*** Begin section ***
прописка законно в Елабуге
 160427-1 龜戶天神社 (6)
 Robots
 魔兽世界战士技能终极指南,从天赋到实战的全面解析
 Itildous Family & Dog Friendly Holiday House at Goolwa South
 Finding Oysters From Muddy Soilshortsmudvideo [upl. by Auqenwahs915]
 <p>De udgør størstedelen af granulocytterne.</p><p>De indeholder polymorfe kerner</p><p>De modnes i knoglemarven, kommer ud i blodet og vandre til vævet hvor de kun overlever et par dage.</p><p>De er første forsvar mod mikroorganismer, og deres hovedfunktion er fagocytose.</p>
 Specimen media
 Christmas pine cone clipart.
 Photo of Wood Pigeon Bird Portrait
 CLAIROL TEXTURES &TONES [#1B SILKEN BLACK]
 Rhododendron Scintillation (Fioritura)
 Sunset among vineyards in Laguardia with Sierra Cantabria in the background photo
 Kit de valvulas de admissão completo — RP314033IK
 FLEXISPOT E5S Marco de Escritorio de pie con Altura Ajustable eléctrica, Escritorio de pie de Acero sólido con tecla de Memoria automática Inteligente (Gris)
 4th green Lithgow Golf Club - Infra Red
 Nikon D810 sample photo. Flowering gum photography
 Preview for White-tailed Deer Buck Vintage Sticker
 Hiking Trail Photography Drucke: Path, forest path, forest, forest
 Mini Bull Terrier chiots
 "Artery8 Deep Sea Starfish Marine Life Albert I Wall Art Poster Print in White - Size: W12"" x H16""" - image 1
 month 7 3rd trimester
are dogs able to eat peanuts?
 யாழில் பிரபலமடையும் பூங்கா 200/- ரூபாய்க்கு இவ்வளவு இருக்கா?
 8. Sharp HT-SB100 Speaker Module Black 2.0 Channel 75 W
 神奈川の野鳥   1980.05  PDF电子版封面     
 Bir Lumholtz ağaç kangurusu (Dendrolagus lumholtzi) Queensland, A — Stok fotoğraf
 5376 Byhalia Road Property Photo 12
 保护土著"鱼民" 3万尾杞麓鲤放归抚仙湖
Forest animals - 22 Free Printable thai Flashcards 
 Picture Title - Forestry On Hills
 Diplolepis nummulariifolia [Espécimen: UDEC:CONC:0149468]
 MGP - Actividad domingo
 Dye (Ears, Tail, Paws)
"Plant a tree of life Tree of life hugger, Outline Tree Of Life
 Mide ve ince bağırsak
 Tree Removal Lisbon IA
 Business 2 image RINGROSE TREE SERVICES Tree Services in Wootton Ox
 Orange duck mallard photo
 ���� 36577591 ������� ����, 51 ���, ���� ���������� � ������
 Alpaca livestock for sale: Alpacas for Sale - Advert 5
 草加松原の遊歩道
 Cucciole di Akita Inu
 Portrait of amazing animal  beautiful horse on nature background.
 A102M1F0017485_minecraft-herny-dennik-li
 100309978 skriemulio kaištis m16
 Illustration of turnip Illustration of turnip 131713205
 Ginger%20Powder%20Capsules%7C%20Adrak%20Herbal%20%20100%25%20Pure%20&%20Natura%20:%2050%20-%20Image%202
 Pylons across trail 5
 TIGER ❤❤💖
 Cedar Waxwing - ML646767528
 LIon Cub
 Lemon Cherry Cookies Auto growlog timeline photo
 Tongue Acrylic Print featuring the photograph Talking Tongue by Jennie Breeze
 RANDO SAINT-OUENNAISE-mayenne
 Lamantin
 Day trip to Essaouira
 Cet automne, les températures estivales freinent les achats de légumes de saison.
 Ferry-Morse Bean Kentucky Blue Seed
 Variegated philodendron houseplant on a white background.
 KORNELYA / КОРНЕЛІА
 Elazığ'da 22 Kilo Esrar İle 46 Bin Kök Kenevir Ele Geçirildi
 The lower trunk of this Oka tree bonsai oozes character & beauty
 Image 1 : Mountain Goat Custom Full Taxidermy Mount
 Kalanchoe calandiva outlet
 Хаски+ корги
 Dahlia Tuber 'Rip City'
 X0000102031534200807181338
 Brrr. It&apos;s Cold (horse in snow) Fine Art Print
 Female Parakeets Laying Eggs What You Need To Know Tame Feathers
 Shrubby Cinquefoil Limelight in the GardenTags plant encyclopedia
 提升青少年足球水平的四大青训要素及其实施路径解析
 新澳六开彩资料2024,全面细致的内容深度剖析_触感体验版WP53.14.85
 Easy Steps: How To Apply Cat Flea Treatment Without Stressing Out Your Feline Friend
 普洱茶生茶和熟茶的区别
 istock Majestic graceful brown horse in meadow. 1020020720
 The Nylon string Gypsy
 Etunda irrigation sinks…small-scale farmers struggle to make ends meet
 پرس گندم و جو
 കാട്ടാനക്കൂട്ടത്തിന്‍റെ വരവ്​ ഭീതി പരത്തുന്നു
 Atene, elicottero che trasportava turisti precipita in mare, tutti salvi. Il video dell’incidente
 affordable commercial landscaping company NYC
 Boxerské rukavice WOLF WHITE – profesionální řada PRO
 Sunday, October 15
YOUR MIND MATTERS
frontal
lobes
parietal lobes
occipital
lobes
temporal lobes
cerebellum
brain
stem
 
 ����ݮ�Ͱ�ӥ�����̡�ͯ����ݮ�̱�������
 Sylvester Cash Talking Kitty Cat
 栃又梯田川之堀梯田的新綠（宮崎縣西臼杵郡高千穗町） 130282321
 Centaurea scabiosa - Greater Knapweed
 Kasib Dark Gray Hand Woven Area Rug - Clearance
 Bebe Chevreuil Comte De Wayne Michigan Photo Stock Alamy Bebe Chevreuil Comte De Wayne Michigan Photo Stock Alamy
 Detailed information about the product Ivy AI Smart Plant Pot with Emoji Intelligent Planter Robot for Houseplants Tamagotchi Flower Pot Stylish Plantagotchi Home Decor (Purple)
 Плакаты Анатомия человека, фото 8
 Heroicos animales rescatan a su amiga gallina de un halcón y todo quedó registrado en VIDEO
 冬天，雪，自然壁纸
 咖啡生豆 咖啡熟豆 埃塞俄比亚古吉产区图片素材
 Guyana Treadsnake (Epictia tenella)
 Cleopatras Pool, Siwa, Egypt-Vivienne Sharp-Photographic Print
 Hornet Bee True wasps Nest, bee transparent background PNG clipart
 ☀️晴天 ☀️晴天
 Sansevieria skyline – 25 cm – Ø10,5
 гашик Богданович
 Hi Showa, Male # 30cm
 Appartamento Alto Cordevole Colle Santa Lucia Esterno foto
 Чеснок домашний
*** End section ***
Assigned task: Both the line containing "100309978 skriemulio kaištis m16" and the line containing "കാട്ടാനക്കൂട്ടത്തിന്‍റെ വരവ്​ ഭീതി" belong in the answer. Print them and every line above that falls between them exactly, and no others.

Written answer:
 100309978 skriemulio kaištis m16
 Illustration of turnip Illustration of turnip 131713205
 Ginger%20Powder%20Capsules%7C%20Adrak%20Herbal%20%20100%25%20Pure%20&%20Natura%20:%2050%20-%20Image%202
 Pylons across trail 5
 TIGER ❤❤💖
 Cedar Waxwing - ML646767528
 LIon Cub
 Lemon Cherry Cookies Auto growlog timeline photo
 Tongue Acrylic Print featuring the photograph Talking Tongue by Jennie Breeze
 RANDO SAINT-OUENNAISE-mayenne
 Lamantin
 Day trip to Essaouira
 Cet automne, les températures estivales freinent les achats de légumes de saison.
 Ferry-Morse Bean Kentucky Blue Seed
 Variegated philodendron houseplant on a white background.
 KORNELYA / КОРНЕЛІА
 Elazığ'da 22 Kilo Esrar İle 46 Bin Kök Kenevir Ele Geçirildi
 The lower trunk of this Oka tree bonsai oozes character & beauty
 Image 1 : Mountain Goat Custom Full Taxidermy Mount
 Kalanchoe calandiva outlet
 Хаски+ корги
 Dahlia Tuber 'Rip City'
 X0000102031534200807181338
 Brrr. It&apos;s Cold (horse in snow) Fine Art Print
 Female Parakeets Laying Eggs What You Need To Know Tame Feathers
 Shrubby Cinquefoil Limelight in the GardenTags plant encyclopedia
 提升青少年足球水平的四大青训要素及其实施路径解析
 新澳六开彩资料2024,全面细致的内容深度剖析_触感体验版WP53.14.85
 Easy Steps: How To Apply Cat Flea Treatment Without Stressing Out Your Feline Friend
 普洱茶生茶和熟茶的区别
 istock Majestic graceful brown horse in meadow. 1020020720
 The Nylon string Gypsy
 Etunda irrigation sinks…small-scale farmers struggle to make ends meet
 پرس گندم و جو
 കാട്ടാനക്കൂട്ടത്തിന്‍റെ വരവ്​ ഭീതി പരത്തുന്നു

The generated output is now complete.